_Try it_
Repeat the records below exactly from the line containing "Plafoniera a soffitto" to the line containing "Saltwater Solids Rilee", taking in both of those lines. Drop the pictures.

_The input_
/---

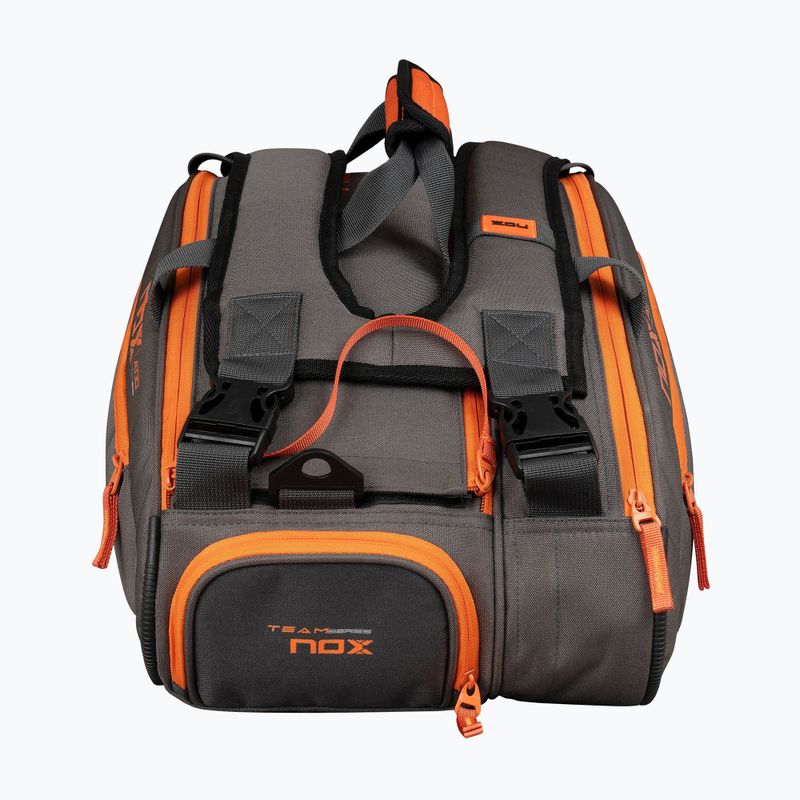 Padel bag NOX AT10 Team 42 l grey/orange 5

\---
/---

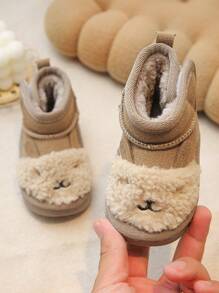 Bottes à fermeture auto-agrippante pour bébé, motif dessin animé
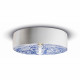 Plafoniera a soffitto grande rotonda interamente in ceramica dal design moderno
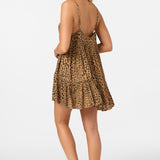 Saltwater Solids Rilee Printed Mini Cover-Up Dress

\---

_Answer box_
 Plafoniera a soffitto grande rotonda interamente in ceramica dal design moderno
 Saltwater Solids Rilee Printed Mini Cover-Up Dress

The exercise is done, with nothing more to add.